Detalhe de gravura de 1785 mostrando cena do Ato V da peça “As bodas de Fígaro”.| Foto: Reprodução/Domínio público

Encerramos a coluna da semana passada sugerindo que a Revolução Francesa – e, com ela, todo fenômeno revolucionário – pode ser mais bem compreendida à luz do conceito girardiano de “desejo mimético” que do conceito marxista de “luta de classes”. Antes que fruto de uma revolta popular avinda da distância social entre as “classes” (ou estados) da França do século 18, a revolução teria sido produto de uma maior proximidade sociocultural entre elas, que passaram a partilhar uma imaginação e uma sensibilidade comuns. Dedicarei a coluna de hoje a aprofundar o tema, relembrando a teoria de René Girard.

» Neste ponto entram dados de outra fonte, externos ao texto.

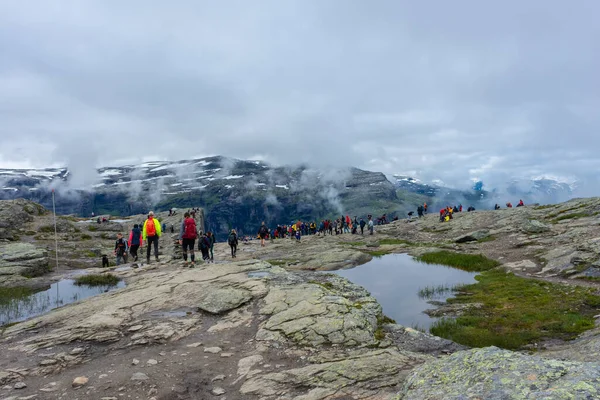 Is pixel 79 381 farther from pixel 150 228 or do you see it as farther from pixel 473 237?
pixel 473 237

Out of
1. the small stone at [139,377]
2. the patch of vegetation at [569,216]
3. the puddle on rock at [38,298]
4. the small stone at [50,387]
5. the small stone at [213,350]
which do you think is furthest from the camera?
the patch of vegetation at [569,216]

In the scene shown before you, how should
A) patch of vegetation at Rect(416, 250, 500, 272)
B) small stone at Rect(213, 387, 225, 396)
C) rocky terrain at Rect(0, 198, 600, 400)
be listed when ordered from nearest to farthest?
1. rocky terrain at Rect(0, 198, 600, 400)
2. small stone at Rect(213, 387, 225, 396)
3. patch of vegetation at Rect(416, 250, 500, 272)

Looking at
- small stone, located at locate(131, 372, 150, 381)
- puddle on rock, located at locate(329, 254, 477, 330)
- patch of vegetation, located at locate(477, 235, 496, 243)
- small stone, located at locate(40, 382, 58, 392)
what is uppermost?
small stone, located at locate(40, 382, 58, 392)

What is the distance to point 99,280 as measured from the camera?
27031 mm

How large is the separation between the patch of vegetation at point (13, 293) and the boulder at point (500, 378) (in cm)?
2743

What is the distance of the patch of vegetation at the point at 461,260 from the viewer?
3491 cm

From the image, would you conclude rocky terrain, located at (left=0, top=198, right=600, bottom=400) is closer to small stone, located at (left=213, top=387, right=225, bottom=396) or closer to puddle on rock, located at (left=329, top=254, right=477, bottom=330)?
small stone, located at (left=213, top=387, right=225, bottom=396)

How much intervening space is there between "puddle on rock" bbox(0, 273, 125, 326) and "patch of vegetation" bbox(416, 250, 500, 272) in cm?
3166

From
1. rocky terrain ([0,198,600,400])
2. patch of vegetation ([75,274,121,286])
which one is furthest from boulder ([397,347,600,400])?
patch of vegetation ([75,274,121,286])

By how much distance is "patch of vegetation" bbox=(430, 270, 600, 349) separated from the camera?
15602 mm

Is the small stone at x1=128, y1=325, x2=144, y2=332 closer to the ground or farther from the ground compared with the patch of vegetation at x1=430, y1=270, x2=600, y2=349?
farther from the ground

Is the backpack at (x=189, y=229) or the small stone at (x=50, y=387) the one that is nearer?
the small stone at (x=50, y=387)

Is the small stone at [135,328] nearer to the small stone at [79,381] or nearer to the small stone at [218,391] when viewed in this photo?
the small stone at [79,381]

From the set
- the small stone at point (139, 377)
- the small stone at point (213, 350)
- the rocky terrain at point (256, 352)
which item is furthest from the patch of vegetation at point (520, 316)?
the small stone at point (139, 377) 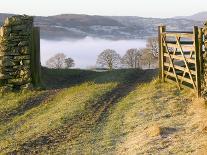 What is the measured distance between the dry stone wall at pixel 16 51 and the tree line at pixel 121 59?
16.3 meters

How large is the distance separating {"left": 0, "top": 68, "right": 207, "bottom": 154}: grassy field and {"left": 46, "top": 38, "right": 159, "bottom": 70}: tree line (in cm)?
1986

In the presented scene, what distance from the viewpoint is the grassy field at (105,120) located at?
1361 centimetres

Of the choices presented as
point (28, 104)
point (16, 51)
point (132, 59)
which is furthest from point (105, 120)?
point (132, 59)

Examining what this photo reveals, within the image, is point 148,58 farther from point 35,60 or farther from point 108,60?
point 35,60

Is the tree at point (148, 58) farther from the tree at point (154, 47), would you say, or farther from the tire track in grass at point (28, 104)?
the tire track in grass at point (28, 104)

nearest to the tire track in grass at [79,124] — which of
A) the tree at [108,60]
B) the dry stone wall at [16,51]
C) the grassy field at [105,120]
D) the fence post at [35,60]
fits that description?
the grassy field at [105,120]

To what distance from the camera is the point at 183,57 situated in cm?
1938

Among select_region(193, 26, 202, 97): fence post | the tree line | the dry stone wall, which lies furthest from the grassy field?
the tree line

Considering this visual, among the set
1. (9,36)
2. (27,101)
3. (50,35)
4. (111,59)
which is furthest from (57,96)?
(50,35)

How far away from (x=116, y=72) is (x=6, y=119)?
1177 cm

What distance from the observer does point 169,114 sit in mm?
16438

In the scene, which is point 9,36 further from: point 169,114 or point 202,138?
point 202,138

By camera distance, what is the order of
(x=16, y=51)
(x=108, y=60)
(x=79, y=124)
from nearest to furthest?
(x=79, y=124) < (x=16, y=51) < (x=108, y=60)

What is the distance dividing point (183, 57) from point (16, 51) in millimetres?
10369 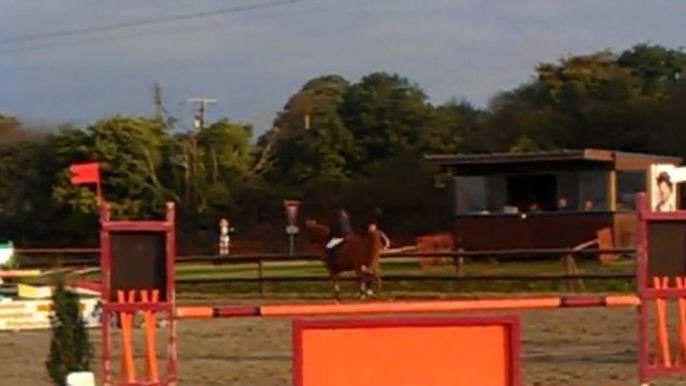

Foi em seu primeiro livro, Mentira Romântica, Verdade Romanesca, publicado em 1961, que o pensador francês formulou a teoria do desejo mimético, sua grande assinatura teórica. Analisando alguns clássicos da literatura universal – notadamente de Cervantes, Flaubert, Stendhal, Dostoiévski e Proust –, ele identificou uma estrutura comum subjacente a todos eles. O homem não deseja algo ou alguém de forma autônoma, numa relação imediata e diádica entre um sujeito desejante e um objeto de desejo, diz-nos Girard. Em vez disso, o desejo possui uma estrutura triangular: se desejamos um determinado objeto é porque ele é desejado ou possuído por outrem, que se torna, assim, o modelo para o nosso desejo.

Desejando e rejeitando, o modelo nos indica o que é desejável e rejeitável. O modelo, ou mediador, pode ser de tipo externo – quando não está situado no mesmo plano do sujeito e, portanto, não pode rivalizar com ele em torno do objeto desejado (por exemplo, Amadis de Gaula em relação a Dom Quixote, na obra-prima de Cervantes) – ou interno, quando está próximo o suficiente do sujeito, tornando-se um rival. E é justamente no campo da mediação interna que surgem os gatilhos para a motivação revolucionária.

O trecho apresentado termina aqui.